I generally like to do a good job at whatever I set out to accomplish. More than that, I’ve been taught from the time I was little to “always do my best.” And that’s generally good advice. But I’ve definitely come across instances in my life where that desire to do my best overwhelms me, and I end up doing nothing at all.

Case in point: studying Slovak. Last year, I set a goal for myself to study Slovak for a half hour each day. I kept up with that for a while, and then I dropped the goal down to 15 minutes, because finding a full half hour each day was difficult, and I found myself skipping the goal when I knew I wouldn’t be able to complete it that day. Except I found on days when I was really busy, even 15 minutes was rough to meet.

Now, if I’d taken a step back and asked myself, “Which is better, studying some Slovak every day, or only studying if I can get 15 minutes in,” I think the answer would have been clear. Studying it a bit each day is better than not studying it at all. But I didn’t think of it like that. I felt like I had to do my best on the goal, or else I’d fail. And so I just did nothing at all, in the end. The goal slipped off my radar, and I admitted defeat.

This has happened before with me. Good things I want to do end up going nowhere because I can’t do them as well as I wish I could.

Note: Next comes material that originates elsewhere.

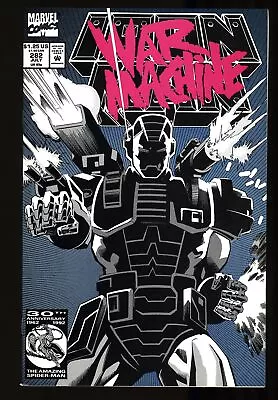 Buy Iron Man #282 NM+ 9.6 1st Appearance Full War Machine Armor! Marvel 1992 • 79.62£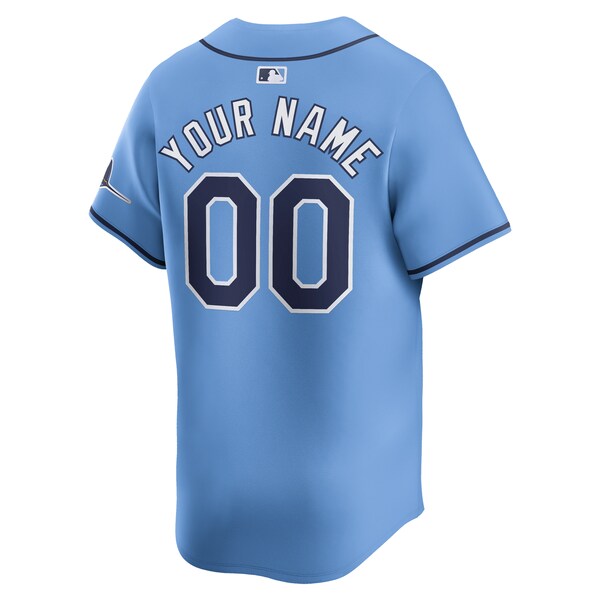 Tampa Bay Rays Nike Alternate Limited Custom Jersey?ยจC Light Blue - Image 3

For me, this is the classic example of the best being the enemy of the good in my life. Because I can’t do my best, I don’t even accomplish the good I could get done if I settled for less. Whether it’s decluttering, reading my scriptures, cleaning the house, getting work in on a writing project, or anything else. I opt to do nothing because I can’t do everything, even though I realize how nonsensical that is.

Additionally, so much of getting something done on a project involves simply starting work on it. If I can commit myself to do something on a project, even if it’s just a little, I’ll often find myself ending up doing much more on that project than I’d thought I’d have time for. Overcoming inertia is a huge step.

So I’m trying to keep that in mind this year. I’m back to studying Slovak each day, even if it’s just for five minutes. Because with five minutes a day, I’ll still end up having studied Slovak for over 30 hours over the course of the year. And 30 hours is much better than nothing, right?